Introduction

November 30, 2022, will go down in history as the date when a free version of the AI language model created by OpenAI called ChatGPT-3.5 (OpenAI, 2022) (in further text ChatGPT) was made available for public usage. This language model’s functions encompass text generation, answering questions, and completing tasks such as translation and summarization (Agomuoh, 2023).

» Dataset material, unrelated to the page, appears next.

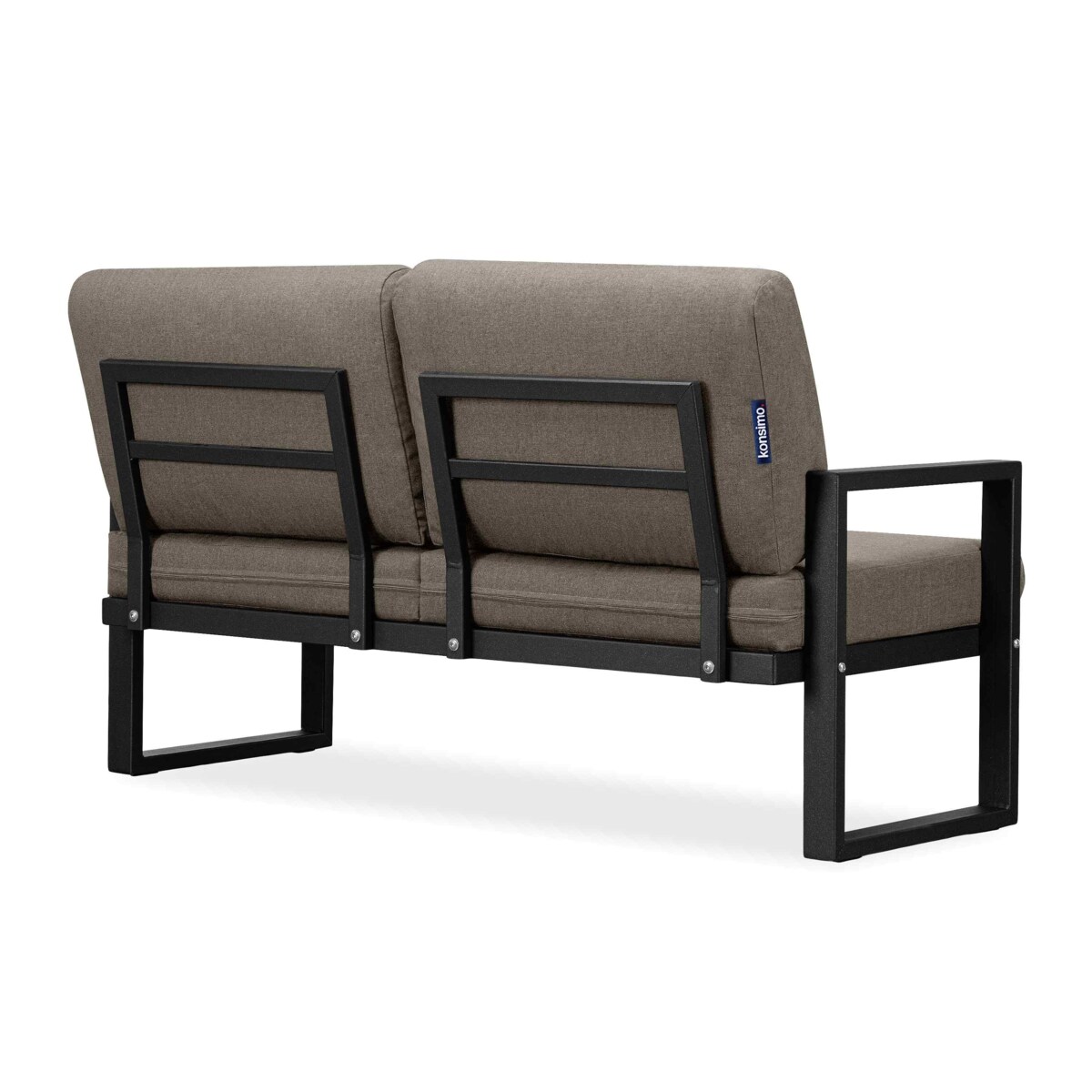 KONSIMO FRENA Stalowa sofa ogrodowa w stylu loft, czarna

ChatGPT can be employed as assistance in the world of academia. It can improve writing skills since it is trained to deliver feedback on style, coherence, and grammar (Aljanabi et al., 2023), extract key points, and provide citations (Aydin and Karaarslan, 2022). This could increase the efficiency of researchers, allowing them to concentrate on more crucial activities (e.g., analysis and interpretation). This has been supported by studies showing that ChatGPT could generate abstracts (Gao et al., 2023; Ma et al., 2023), high-quality research papers (Kung et al., 2023), dissertations, and essays (Aljanabi et al., 2023). Previous studies showed that ChatGPT could create quality essays on different topics (Hoang, 2023; Hoang et al., 2023; Nguyen and La; 2023; Nguyen and Le, 2023a, Nguyen and Le, 2023b, Susnjak, 2023). For example, this program, in conjunction with DaVinci-003, generated high-quality short-form essays on Physics, which would be awarded First Class, the highest grade in the UK higher education system (Yeadon et al., 2023). It also led to questions on the ethics of using ChatGPT in different forms of academic writing, the AI authorship (Bishop, 2023; Grimaldi and Ehrler, 2023; Kung et al., 2023; Pourhoseingholi et al., 2023; Xiao, 2023), and raised issues of evaluating academic tasks like students’ essays (Stokel-Walker, 2022; Whitford, 2022). Unavoidable content plagiarism issues were discussed, and solutions for adapting essay settings and guidelines were revised (Cotton et al., 2023; Hoang, 2023; Lo, 2023; Sallam, 2023; Stokel-Walker, 2022; Yeadon et al., 2023). A recent SWOT analysis of ChatGPT’s impact on education comprehensively analyzed all the mentioned issues. Strengths included advanced natural language generation, self-improvement, and personalized feedback, with potential benefits in information accessibility, personalized learning, and reduced teaching workload. Weaknesses encompassed limited understanding of the topic, inability to critically evaluate information, response quality evaluation challenges, bias risks, and a lack of higher-order thinking. Threats included contextual limitations, academic integrity risks, discrimination perpetuation, increased plagiarism, etc. (Farrokhnia et al., 2023).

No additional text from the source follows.